JONAS PULIDO VALENTE
(Tenho 30 anos, sou português e frequento o curso de Estudos Asiáticos na Universidade de Lisboa. Nunca fui publicado em papel.)
Dylan desce a Rue de Indochine, anónimo.
Desce, para não ter que subir.
Desta vez não parou nem na loja de talismãs e trinkets,
Nem no apotecário, nem no seu vizinho.
Uma vez de ressaca, ninguém o entende.
Nada de mais, nada de ilegal,
No entanto,
Se não faz nada, dizem que não tem carisma,
Se mostra entusiasmo, dizem que exagera.
Ontem à noite, era o único
De óculos escuros no apartamento centenário, onde
Aparou pontas de cigarro para fumar chá,
Com os seus amigos Beat, que queriam que tocasse o piano desafinado,
Com uma voz ácida, langorosa, pois ainda vamos a meio do século.
Será que está em Paris, em Victoria Station ou algures abaixo da 102Nd street?
Provavelmente na 102Nd street.
Dylan, na sua roda difusa, fez tudo a gosto.
Bebia bourbon com veteranos da guerra, agora
trabalhadores da Companhia de comboios.
Allen, lia um tratado budista.
O seu amigo angariava cigarros de Natal.
Estavam todos vestidos de maneira diferente,
A maioria seria tolerada numa entrevista de emprego
Com um patrão que não os percebesse.
Ele riu-se, não sabendo quais seriam fardas, quais seriam vestes.
As pessoas continuam a chegar,
Àquela pad, escura, cool e bafienta.
Para a maioria, estavam numa paragem das suas próprias histórias.
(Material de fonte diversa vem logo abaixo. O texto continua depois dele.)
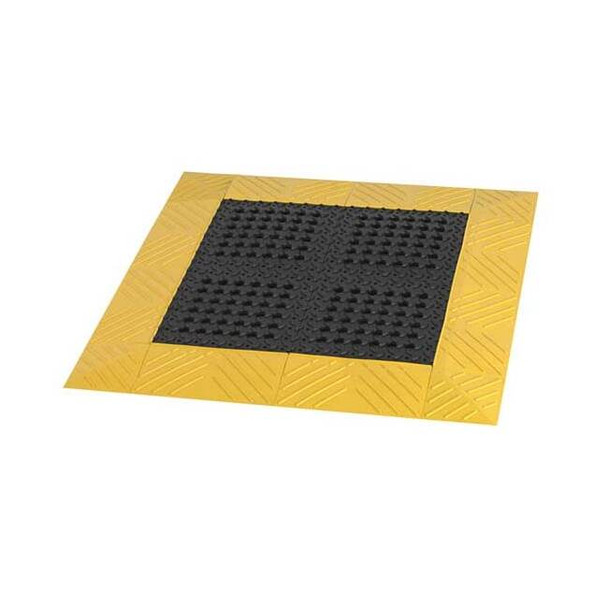 Notrax Interlocking Drainage Mat, 1 in Thickness, PVC, Black 620S3060BY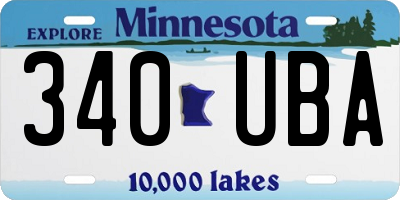 MN license plate 340UBA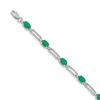 Image 1 : 14K White Gold w/ Diamond and Emerald Gemstone Bracelet - 7 in.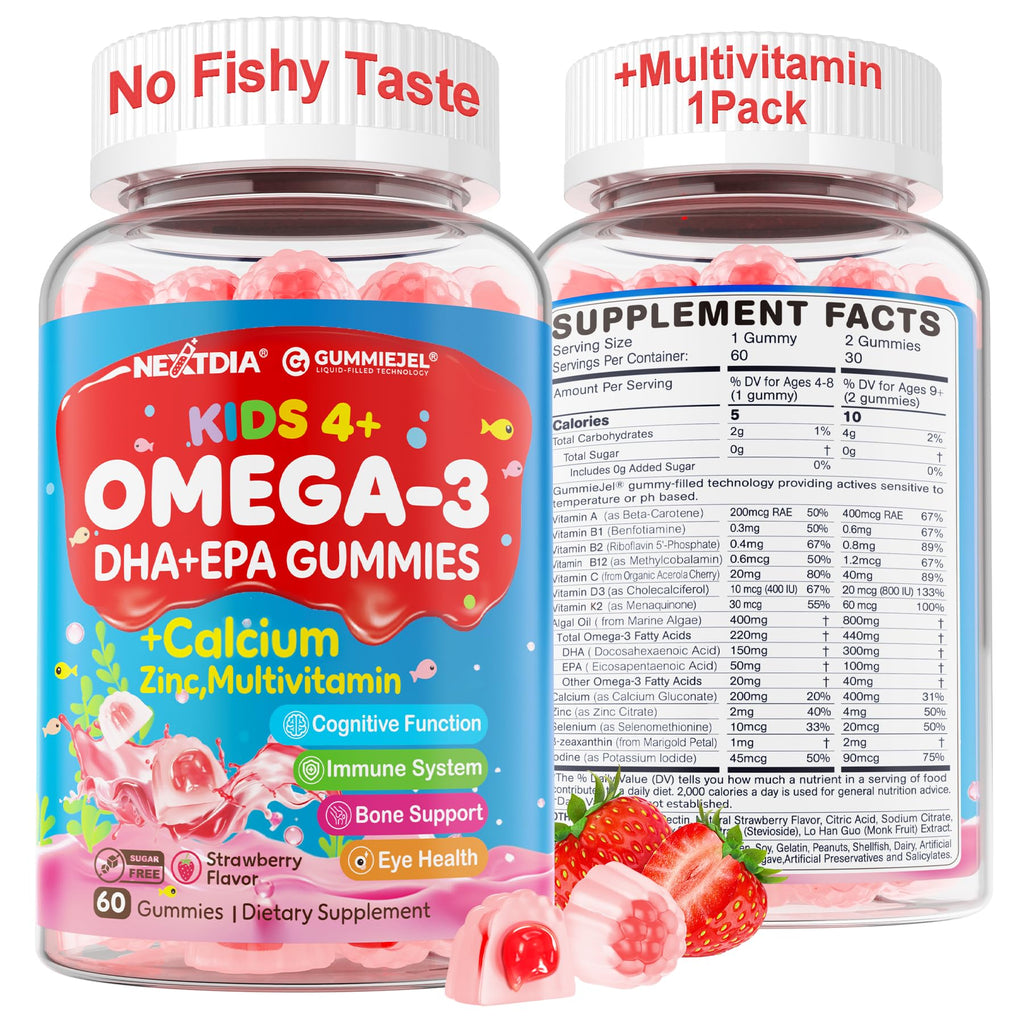Nextdia Omega 3 (EPA/DHA) Filled Gummies for Kids Teen with Multivitamin, Calcium + D3 + K2 + Zinc, Plus Vitamin A B1 B2 B12 C, Selenium, Iodine for Brain, Eye, Bone, Energy, No Fish Taste, Sugar Free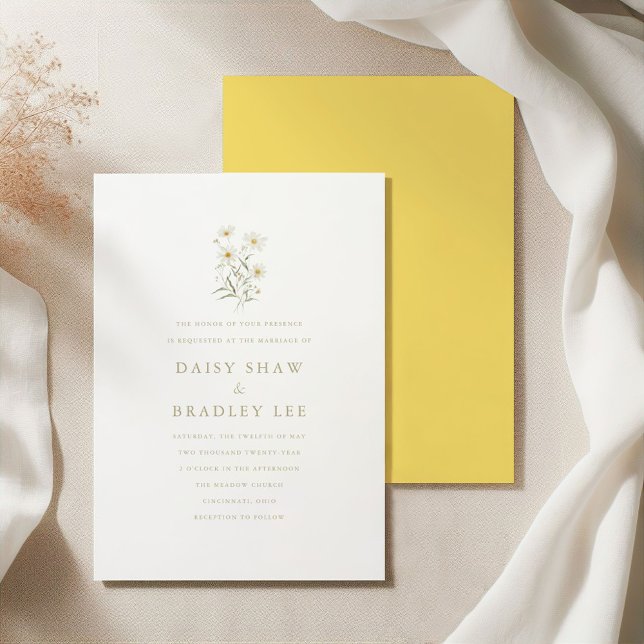 Elegant Minimal Daisy Floral Wedding Invitation (Creator Uploaded)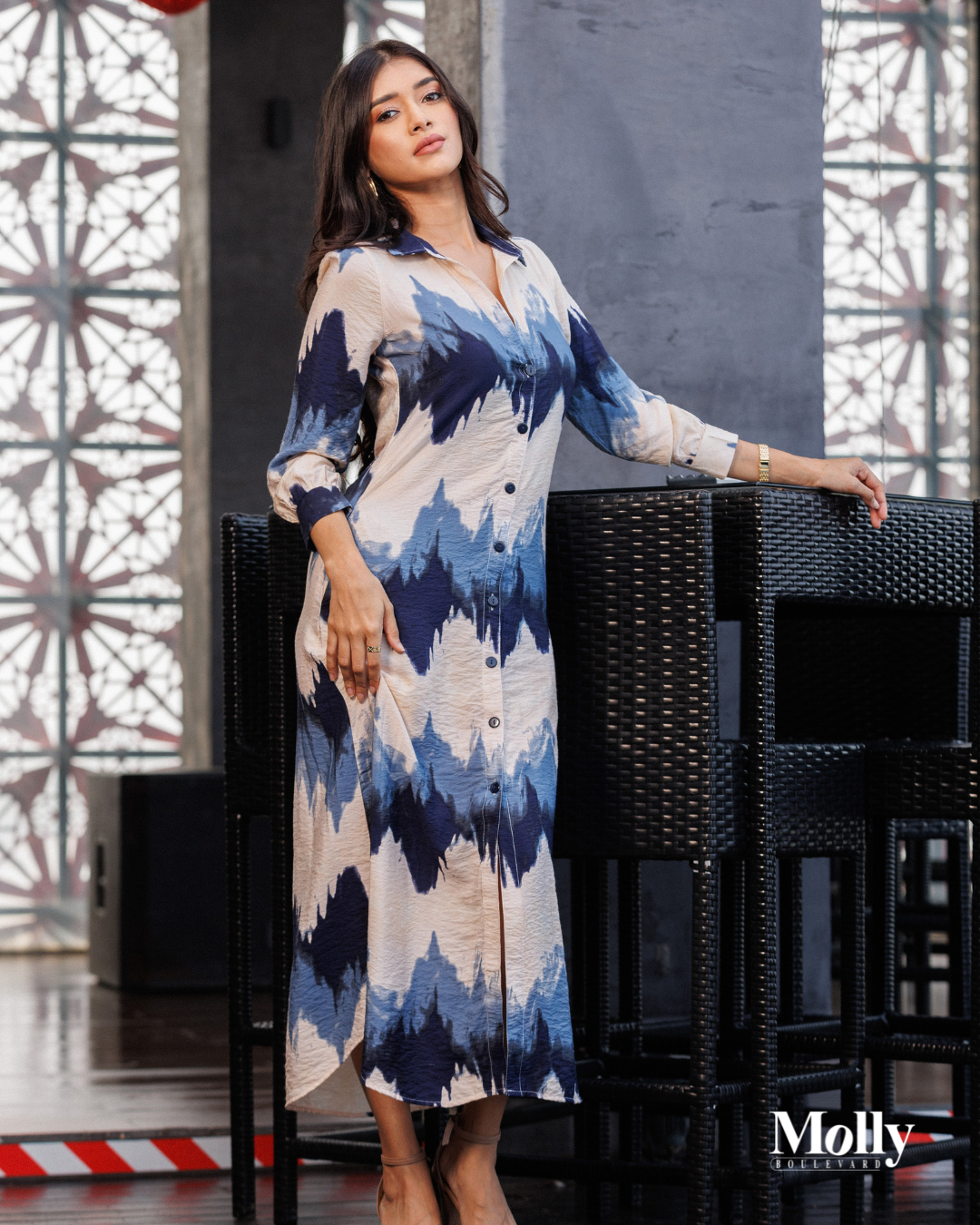 Abstract button dress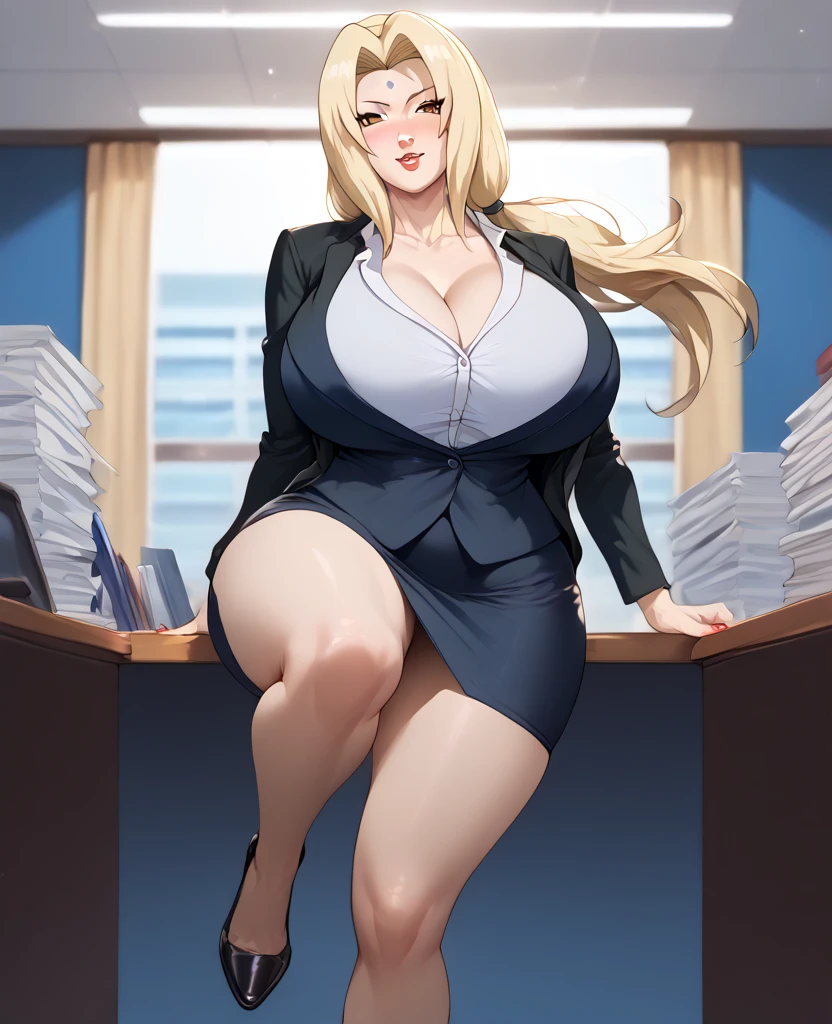 ((high detailed, best quality, 4k, masterpiece, hd:1.3)), BREAK night, window, moonlight, landscape, (in office), indoors, business office, office workers working in the office, many people are busy working, window, desk, chair, computer, ceiling light, Rosalina standing posing, BREAK neon blue eyes, seductive, attractive, sexy smile, smiling, smooth anime cg art, 36C breasts, long fitness legs, vivid colors, detailed digital art, slim body, perfect skin, blonde hair, long hair, BREAK crown, cleavage, 36C cleavage, BREAK looking at viewer, extremely detailed face, navy_blue necktie, blue jacket, black shirt, blue pencil skirt, full body, (blue high heels), earrings, gem, dark black makeup lips, dark gothic eyeshadows, dark eyeshadows, black eyeshadows, black sexy lips, black lips, (dark:1.2), dark lips, very dark lips, (perfect hands, perfect anatomy), black makeup, detailed fingers, five fingers per hand, 5 fingers, (1 girl), detailed lips, detailed black lips, black painted lips, gothic painted lips, (breast focus), (breasts out:1.3), (hands behind head:1.3), (from above:1.32),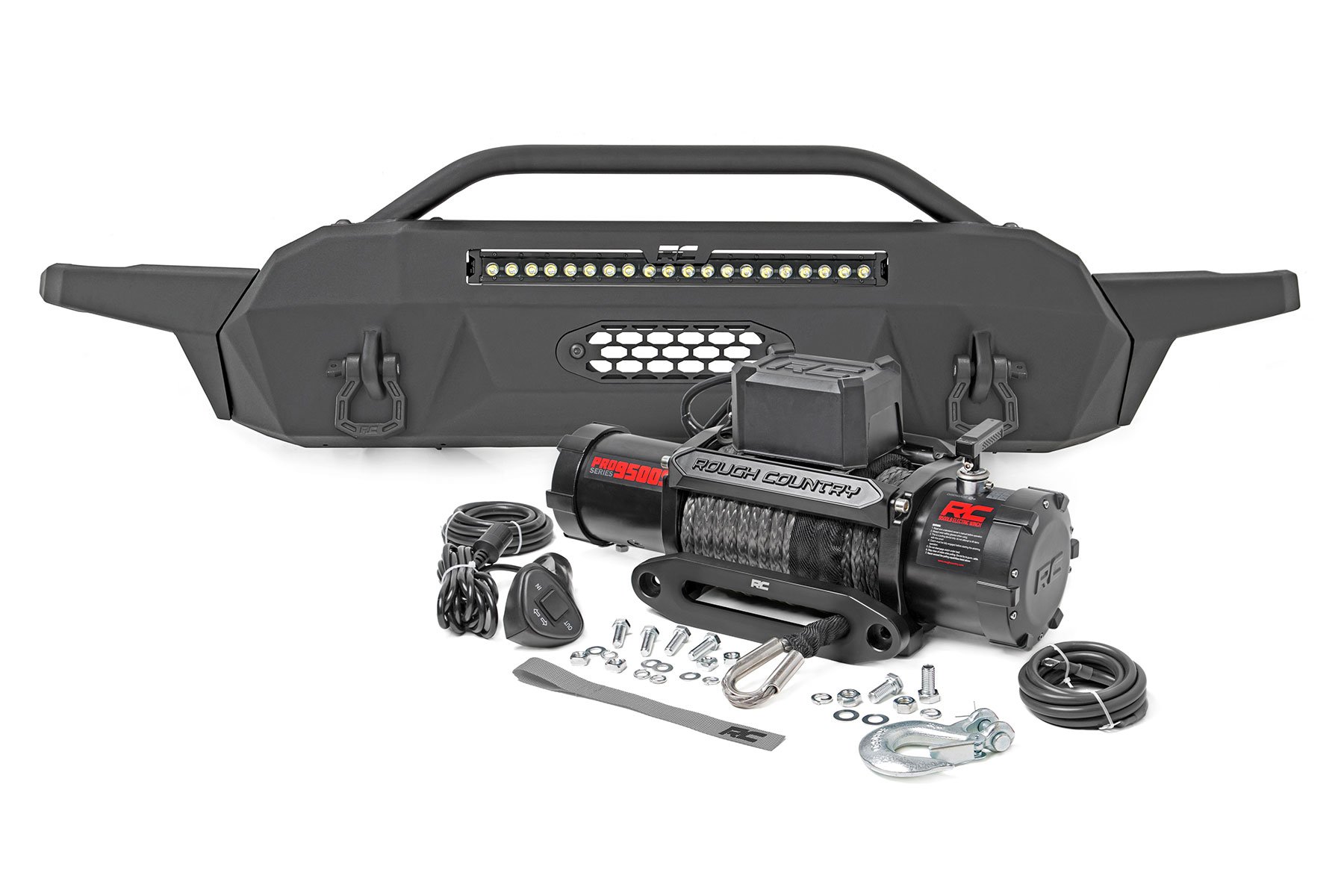 Front Bumper | Hybrid | 20″ Blk LED | 9500-Lb Winch Syn | Toyota Tacoma (16-23)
Aquele e outros pads, na Costa Este, eram o centro do mundo,
Para quem,
Queria novidade e civilização.
O sítio frio, antigo, estabelecido, imperioso e familiar,
Seria brevemente um lar.
Estradas para o húmido Sul ou para o soalheiro Oeste,
barcos para Port Said, para Singapura ou para o Malabar.
Faziam, com que se juntassem todas as tribos naquele porto,
E de todas as tribos, todos os amigos
Onde o vernáculo as distingue, ainda não o vestuário,
Nada mudou, excepto isso.
A principal avenida ao meio dia era coerente
Com os próprios tempos pré-revolucionários.
Os corpos sob os sobretudos eram radicalmente díspares,
Andavam em diferentes direcções, com diferentes intenções,
E Dylan ficava a observar.
Aquele sítio, com aquela batida, era o nervo
Um local de paragem onde
Se juntariam iniciantes do deboche,
Vindos de todas as direcções, e
trocariam notas, lições, planos, fluídos e sutras.
E ninguém dava na heroína pelos textos do Burroughs,
Excepto o Burroughs, que estava num canto a dar na heroína.
Não precisariam de ligar o gramofone, nem de correr à loja,
Pois naquele pad,
Poupam electricidade estando mesmo acima de um antro de jazz.
No mesmo apartamento, vivem metade dos músicos.
Faz parte da ‘cena’
Da cidade onde anjos bebem com demónios,
Onde gárgulas protegem os arranha-céus,
Por baixo da chuva, que torna a identificação do espaço anacrónica.
Onde pernoita Vishnu, migrantes do Sichuan, de Varsóvia, da Baja California.
E todos têm onde se refugiar.
Há quem goste das suas próprias músicas,
Dylan está farto delas.
Há quem se identifique com as suas roupagens negras,
Ele só agora as vestiu.
Aprendeu a tocar no carnaval itinerante, mas
Quando voltar a Nova Iorque, Dylan,
Jura que vai deixar de pentear o cabelo.